Assis au fond, un étudiant prend une photo : il cadre une forêt de têtes alignées jusque sur les marches des escaliers. « Flippant, non ? » écrit-il à sa mère dans un SMS. Bienvenue à la faculté de droit de l’université Paris-I-Panthéon-Sorbonne. Jeudi, c’est dans l’atmosphère tropicale d’une salle pleine à craquer que les étudiants y ont fait leur prérentrée. Ici, comme dans de nombreuses autres facs, la reprise des cours a des airs d’émission de téléréalité : il faudra s’accrocher pour continuer l’aventure.
« infâme » tirage au sort
A l’échelle nationale, on attend quelque 40 000 étudiants supplémentaires, toutes filières confondues, par rapport à l’an dernier. C’est en région parisienne que le saturation des amphis est la plus importante, sans toutefois suffire à absorber toutes les demandes d’inscription. Selon le ministère de l’Enseignement supérieur, 3 000 jeunes n’ont toujours pas d’affectation et des milliers d’autres se retrouvent par défaut dans une filière qu’ils ne désiraient pas (lire ci-dessous).
A la porte du département de droit de Paris-I, l’un des plus prisés de France, « des centaines d’étudiants » se sont cassé les dents, explique au micro le président de l’université, Georges Haddad, en guise de mot de bienvenue. « Vous avez surmonté l’obstacle d’APB, ce tirage au sort infâme, scandaleux, poursuit-il. On aurait bien accueilli tout le monde, mais nous ne pouvons pas ouvrir la porte de l’université à tous ceux qui, légitimement, veulent y entrer. »
"Ne parlez pas à votre voisin, il ne sera plus la dans une semaine"
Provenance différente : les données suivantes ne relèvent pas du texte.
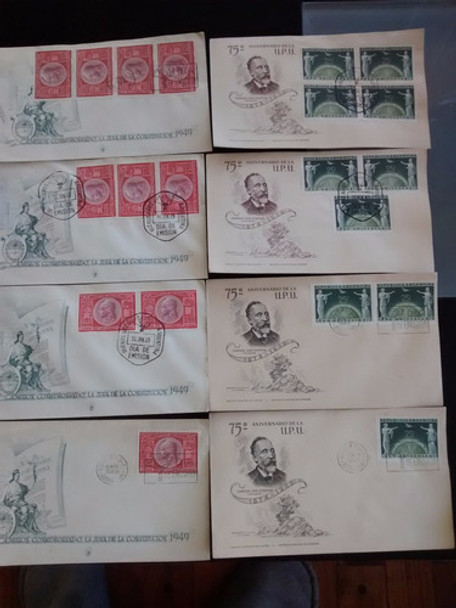 Filatelia Lote Sobre Postal  Dia Emision 1949 Argentin 0 Filatelia Lote Sobre Postal  Dia Emision 1949 Argentin 0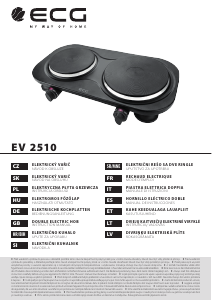 Priročnik ECG EV 2510 Grelna plošča
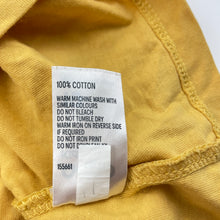 Load image into Gallery viewer, Girls Anko, yellow cotton tee / top, EUC, size 10,  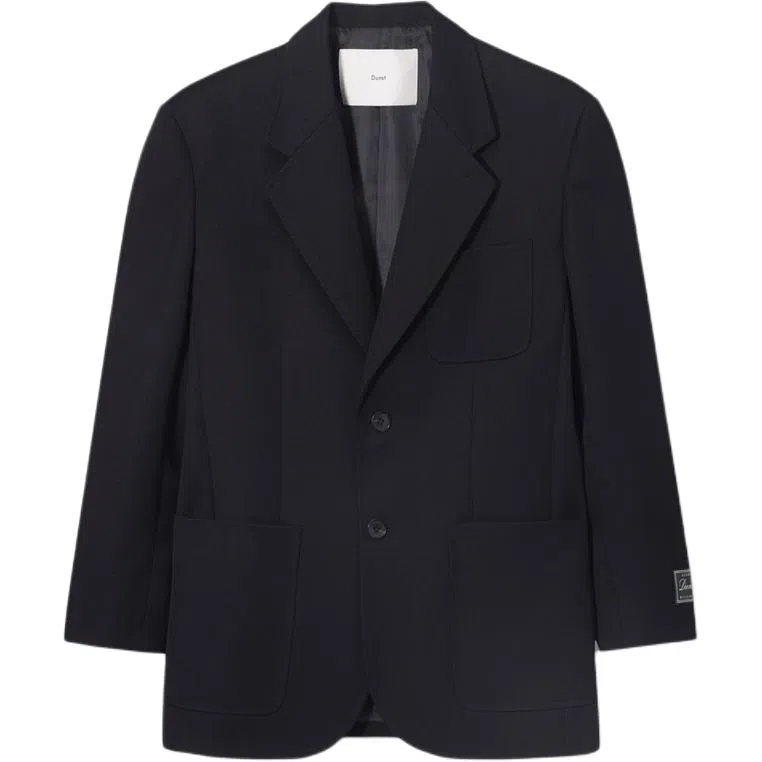 Dunst UNISEX OVERSIZED WOOL BLAZER BLACK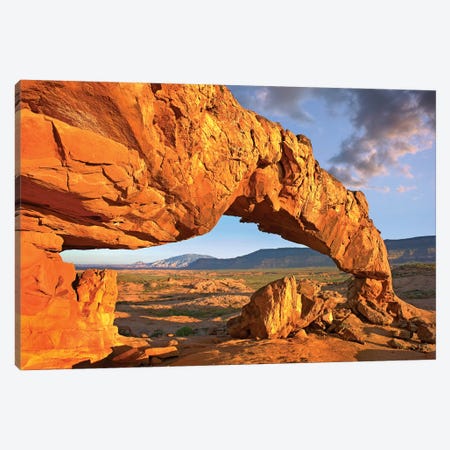 Sunset Arch, Escalante National Monument, Utah I Canvas Print #TFI1051} by Tim Fitzharris Canvas Artwork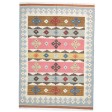 Traditional-Persian/Oriental Dhurrie Wool Multi Color 5' x 7' Rug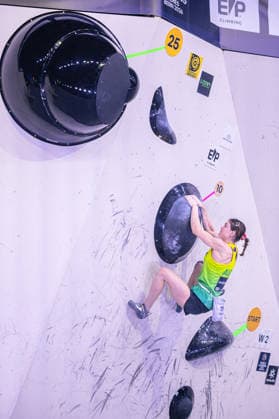 23 05 2026 Climbing Bouldering World Climbing Series Bern 2026 Final Women Oceania Mackenzie AUS Bern Bern Expo Switzerland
Julien, debout près de l’entrée, écoute d’une oreille distraite : redoublant, il connaît déjà le discours. La foule ne l’effraie pas. « Le droit, c’est dur et beaucoup abandonnent dès le premier mois. Au premier TD l’an dernier, le prof nous a dit : Ne parlez pas à votre voisin, il ne sera plus là dans une semaine », raconte-t-il. « Tout est fait pour nous dégoûter de venir… et ça marche ! » renchérit
Pauline. A Paris-I, la moitié des étudiants en droit échouent en première année, un chiffre élevé mais en dessous de la moyenne nationale (60 %).
Paris (XIIIe), le 6 septembre. Emma et Alexis savourent leur chance d'être là.
En face, adossés aux barrières devant le centre universitaire, Alexis et Emma savourent leur chance d'être là. Tous les deux ont obtenu au printemps leur premier vœu d'orientation. Ils ne savent pas très bien par quel miracle et ignorent tout autant ce qui les attend cette année. Personne ne leur a dit où se procurer l'emploi du temps des cours, et même après cette réunion de prérentrée, « il faut bien avouer qu'on ne sait pas encore vraiment ce qu'est le droit », confie Alexis. Pourtant, le jeune homme « ne se voyait pas faire autre chose » au sortir de son bac ES, obtenu ric-rac à l'issue d'une scolarité « à 8/20 pendant tout le lycée ».
« S’il y avait une sélection sèche à la fac, avec mes notes, je n’aurais été pris nulle part », remarque-t-il. « La fac est la seule orientation non sélective. Je sais que le tirage au sort n’est pas juste pour ceux qui ont de bonnes notes et ont été refusés, mais ça en aide d’autres… Moi, en l’occurrence », ajoute, gênée, Emma, elle aussi bachelière ES.
« Depuis ma seconde, je sais que je veux aller en fac parce que j’aime cette liberté qu’on nous donne ici, explique la Parisienne. On verra si j’accroche ou pas. » Et de se reprendre : « Il vaut mieux que j’accroche, parce que sinon je ne sais pas ce que je vais faire. »
Chiffres clés
1,6 million d’étudiants étaient inscrits à l’université en 2016-2017. Cette année, on en attend 40 000 de plus en première année de licence.
39 % des bacheliers ont demandé en premier voeu une place en licence à l’université cette année.
40 % des étudiants, en moyenne, obtiennent leur licence en trois ou quatre ans.